Em casa as pessoas gastaram investindo em melhor estrutura para trabalhar, se exercitar, se divertir, etc … E como forma de “motivar” as pessoas a voltar a trabalhar, os empresários aumentaram os salários, tudo isto foi ótimo, movimentou a economia e uma catástrofe econômica como prevista nos primeiros momentos da pandemia não se concretizou, mas já estava em gestação uma inflação diferente da inflação de ativos, que foi negligenciada num primeiro momento e depois dada como passageira. Guardadas as devidas proporções isto aconteceu também aqui no Brasil.
Com a pandemia um outro ingrediente um pouco mais complexo foi adicionado, que foi a quebra nas cadeias de produção, que resultou em falta de alguns insumos básicos para indústrias automobilística, farmacêutica, construção civil, eletroeletrônicas e alimentícia, escassez gera aumento de preços, ou seja, inflação.
E para completar a tempestade perfeita, temos uma guerra por enquanto localizada no leste europeu, mas que envolve um dos maiores fornecedores de energia para a Europa, que fez o custo da energia disparar no mundo todo, em especial na Europa que tem uma forte agenda ESG, que naturalmente já eleva o custo de energia.

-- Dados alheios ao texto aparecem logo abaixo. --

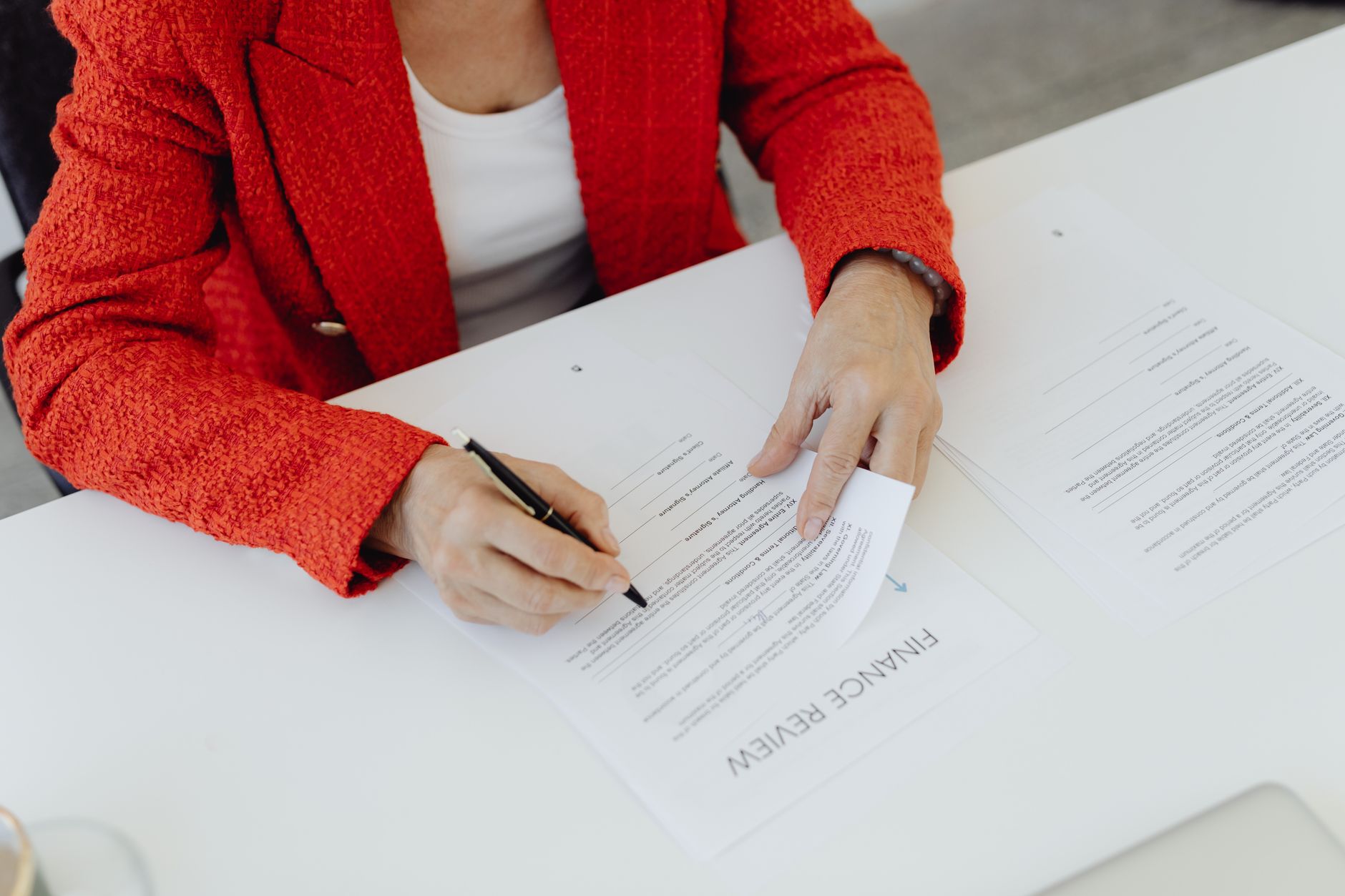 Signed company papers, a pen and a stamp on an office desk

O quadro é bem complexo pois não tem um motivo único, são vários componentes e alguns de difícil manejo. Ninguém sabe o futuro, mas o cenário não é simples e totalmente diferente de tudo que já vivemos em qualquer outro momento da história. Mas algo tem que ser feito, a inação pode custar muito mais caro e a inflação se torna cada vez mais o tema inevitável no mundo.
E como se lida com inflação? Uma das formas que os governos tem é o aumento das taxas de juros, porque fica mais caro pegar empréstimos, incentiva a poupança, diminuindo a quantidade de dinheiro girando na economia e com isto há menos pressões inflacionárias. O problema é que isto tende a desacelerar o crescimento e os governos relutam, porque é impopular, o próprio FED fala em retornar a inflação à meta, sem causar recessão, algo que poderia e deveria ter sido feito há pelo menos seis meses, mas quanto mais tempo demora mais difícil fica.

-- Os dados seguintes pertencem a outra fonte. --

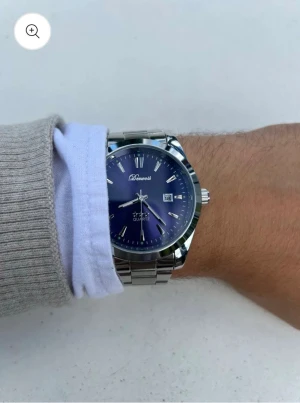 Silverfärgad klocka med blå urtavla från Doventi  - Stilren klocka med metallarmband och blå urtavla från Doventi . Klockan har tydliga markeringar, datumvisning och klassisk rund form. Perfekt accessoar för dig som gillar en clean och modern look.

Mas estamos ano eleitoral e inflação é impopular, mais impopular que recessão, mais impopular até que o desemprego. Biden está sob pressão, o FED está sob pressão, estes dias Powell teve que dar explicações aos congressistas nos Estados Unidos, então as taxas de juros estão subindo e continuarão a subir e ainda tem a promessa de reversão dos estímulos monetários QT (Quantitative Tightening)
O Brasil desta vez está na frente do restante do mundo, aqui os juros já subiram, nos Estados Unidos estão subindo, em outros países como o bloco europeu, a questão é mais complexa ainda pois estão atordoados com números de inflação até recentemente inimagináveis para economias desenvolvidas e resistentes a retirar os estímulos e aumentar os juros.

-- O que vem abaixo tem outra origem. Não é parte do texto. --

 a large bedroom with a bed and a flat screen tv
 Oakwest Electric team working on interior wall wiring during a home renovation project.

Falo sempre dos Estados Unidos, porque é como no mercado financeiro costuma se chamar a “matriz”, o investimento em startups no Brasil é muito incipiente. Apesar de não observarmos a mesma exuberância irracional da matriz, tivemos alguns valuations aqui muito exagerados, que podem inclusive ter feito mais mal do que bem para um ecossistema nascente e imaturo. Podemos ver mais a frente “Down Rounds”, onde novas captações são feitas em valuation inferior ao(s) anterior(es), só o tempo dirá. Estamos vivendo a história!
Estamos num mundo globalizado, é fato, aqui não será diferente os juros para as Startups irão subir e o “funding” ficará mais escasso, quanto mais claro isto estiver, melhor preparado estará, não adianta querer continuar a se enganar. “Cash is King again”, trabalhe para gerar mais e cuidar bem do que tem.